There is assumed to be independence between those differences $d_i$ is independent of $d_j$. This is unlikely to be true of time series.
Continuous dependent variable – Although the Wilcoxon signed rank test ranks the differences according to their size and is therefore a non-parametric test, it assumes that the measurements are continuous
If they're not, the tabled distribution doesn't apply and the test will depend on the pattern of ties.
To account for the fact that in most cases the dependent variable is binomially distributed, a continuity correction is applied.
This makes no sense to me. How would a continuity correction deal with the problem? In large samples you could retain a normal approximation but use a variance that takes account of the pattern of ties, and in smaller samples you'd attempt to compute or simulate from the permutation distributon.
See also the discussion here
Some articles says that " the Paired differences should be Symmetrical".
The signed rank test is a permutation test on the signed ranks (the ranks of the absolute differences), so if we look at it in that way, then for the signs to be exchangeable under the null (in the sense that every rank would be as likely to have come from a positive as a negative difference), it would seem to require symmetry.
(If you don't have symmetry, then it's not generally the case that under the null you could legitimately reallocate the signs like that - for a given rank one sign would typically be more likely than the other.)
For clarity: The sample Walsh averages are the pairwise averages $(x_i+x_j)/2$, $i=1,2,...n,$ $j=1,...,i$. The median of the Walsh averages is the Hodges-Lehmann estimator, also called the the pseudo-median.
Here's some (hopefully useful) hints to get you started -- which is basically one of several ways to just arrange the calculation methodically, but it makes it easier to see the connections between the two calculations.
Here the observations are from a single sample (in the case of a paired test the observations are the pair-differences, at which point we're dealing with a single sample of pair-differences). Further assume that the $X$'s are continuous (so for example, there are no tied ranks and no Walsh-averages at 0)
Consider without loss of generality that we're comparing to a specified median of zero.
Let $X_i = S_i M_i$ where $M_i=|X_i|$ and $S_i = \mathop{\mathrm{sgn}}(X_i)$ (and similarly for $j$, when we deal with pairs of observations).
Then let $R_i = \mathop{\mathrm{rank}}(M_i)$. We now have some notation in place to describe the basic components of the signed rank test.
Now order the $X$-values from smallest magnitude to largest magnitude (i.e. sort them by the $M$-values).
(It helps to play with a small numerical example. Consider data values $1.0, -2.4, 3.6$ say -- these have deliberately been ordered as just described)
Write an $n \times n$ table with row and column headings being the ordered $X_i$ values (you may like to write a small $(S_i,R_i)$ under the columns).

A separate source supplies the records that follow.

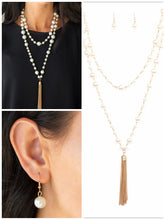 Load image into Gallery viewer, Social Hour Necklace Gold/White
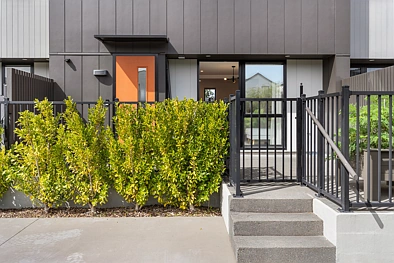 Modern 2021 built 3 bed, 1 bath with carpark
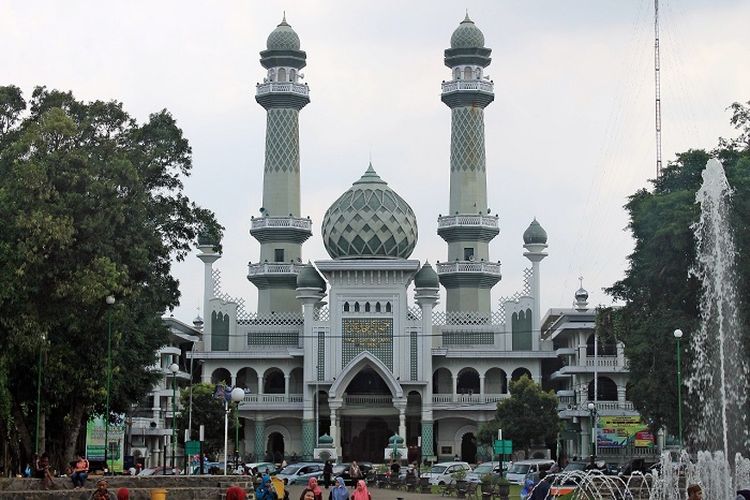 Selesai Shalat Jumat Di Surabaya. Jadwal Sholat Jumat Surabaya 4 Februari 2022, Simak Juga Adzan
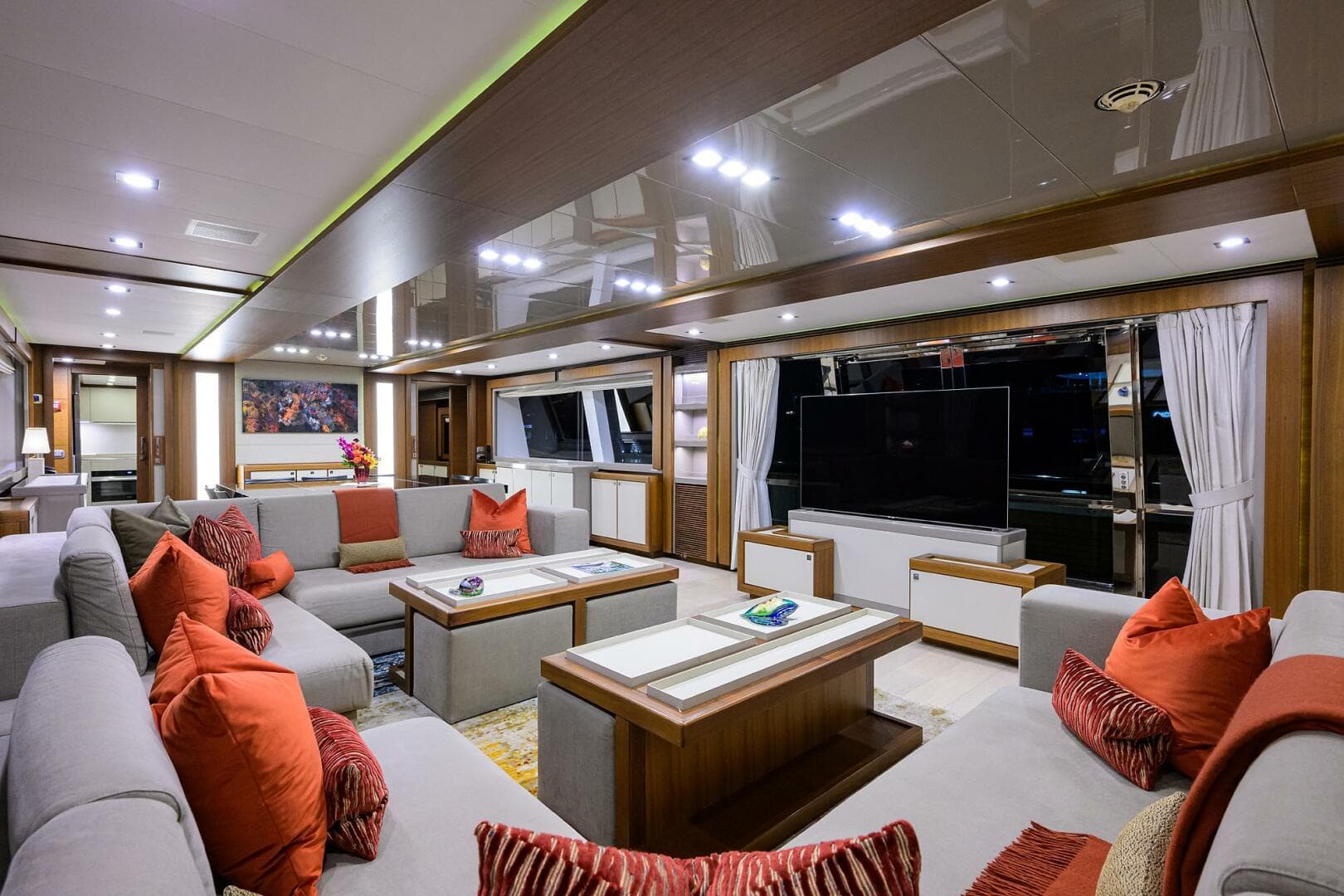 2013 Ferretti Yachts Custom Line 124 — photo 5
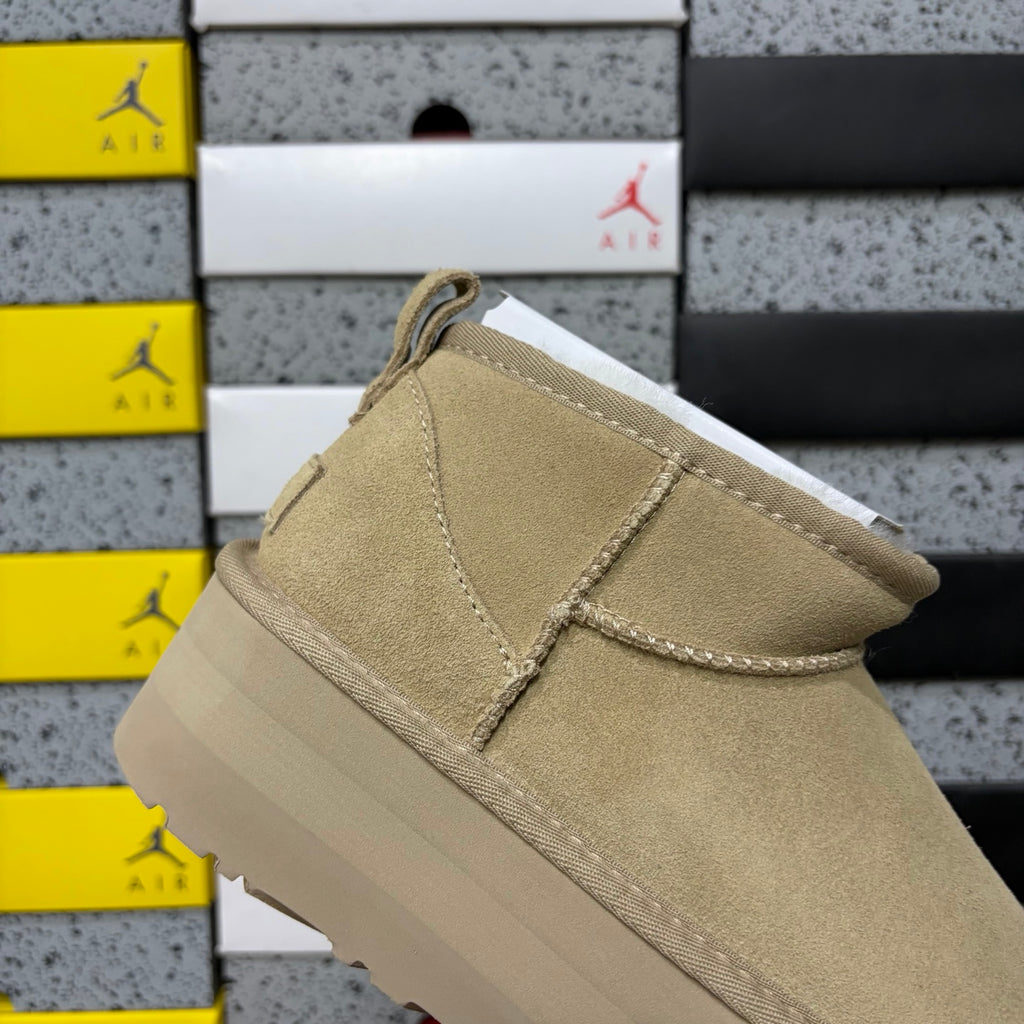 UGG Mustard Platform Ankle Boots – 5 cm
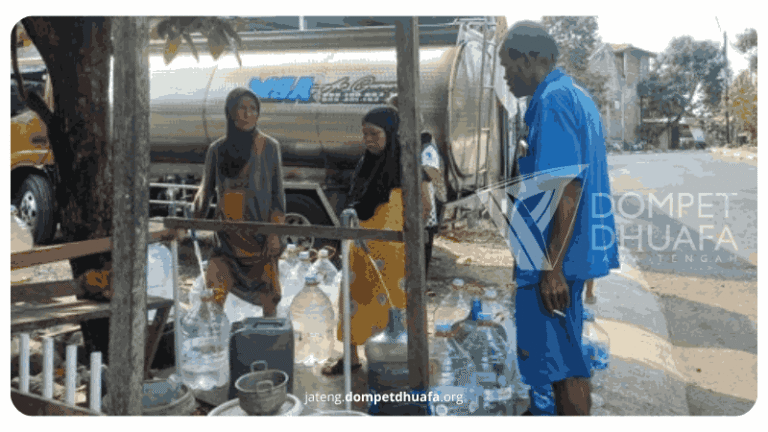 Dompet Dhuafa Jawa Tengah Salurkan 7.000 Liter Air Bersih untuk Warga Meteseh Semarang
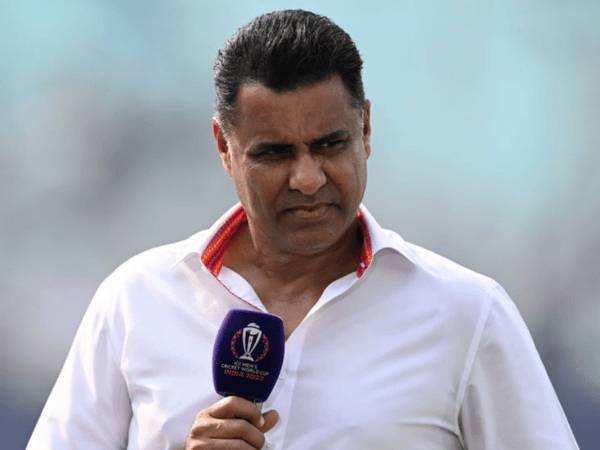 too-friendly-for-batters-waqar-younis-proposes-odi-change-preserve-reverse-swing.Click to read full article.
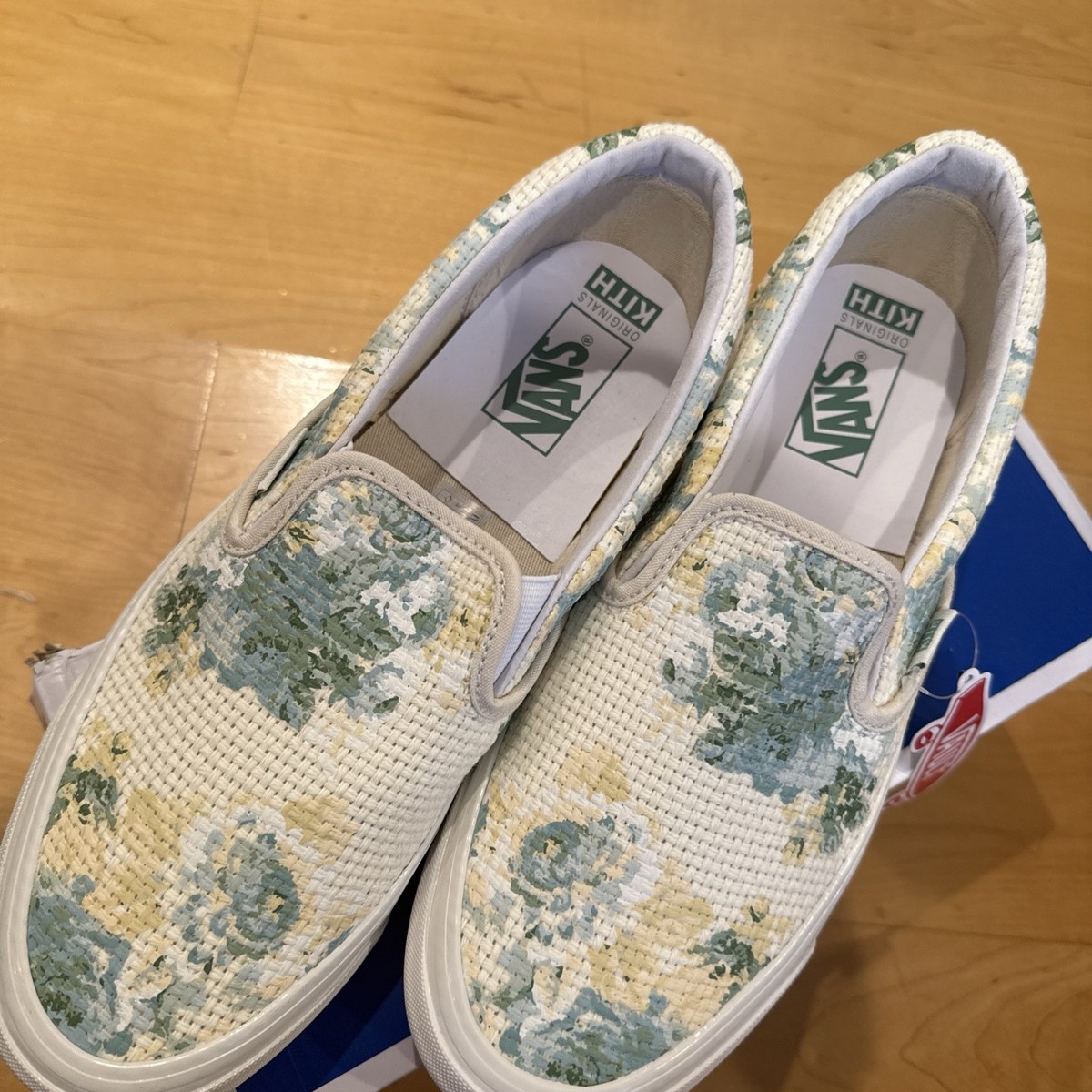 Sz 13 Kith For Vault Vans OG Classic Slip-On LX Vintage  display picture 1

Inside the table, for values on or above the main diagonal, put a "+" if the Walsh average of the corresponding row- and column- $X$-values is above 0 and "-" if it's below it. For each column, count how many "+" values there are.
Note that looking down a column we're just seeing $X_i$ compared with each other value that is no larger in magnitude than $X_i$ (i.e. with each observation to it's left in the ordered list, plus itself).
For the column labelled $X_i$, the count will either be positive or $0$. What determines which of the two things it is? Now note the connection between the column "+" count and $R_i$.
Hopefully you should be able to work your way to an argument from that.
Here's the example I mentioned above. Note that if X's are 1.0, -2.4, 3.6 then the signed ranks are +1, -2 and +3:
1.0 -2.4 3.6
1.0 + - +
-2.4 - +
3.6 +
(S,R) +,1 -,2 +,3
It should be clear that if $S_i$ is $-1$ then there are no "+" terms in the column of positive Walsh-averages, but if $S_i=+1$ then there are $R_i$ positive Walsh averages. What you need to do is make this observation a bit more formal and then argue a small step to the needed result from that.
Best Answer
Assumption 1 is needed. Assumption 3 is not strong enough. You need X and Y to be on scales that make differences orderable, which can mean that X and Y are interval scaled. Regarding the distributional assumption this depends on how you state the hypothesis. If you want to make an inference about the mean difference (and perhaps about the median?) then you assume the distribution of the differences is symmetric. If you want to test the hypothesis that the probability that the sum of a randomly chosen pair of differences exceeds zero is 0.5 then no distributional assumption is needed.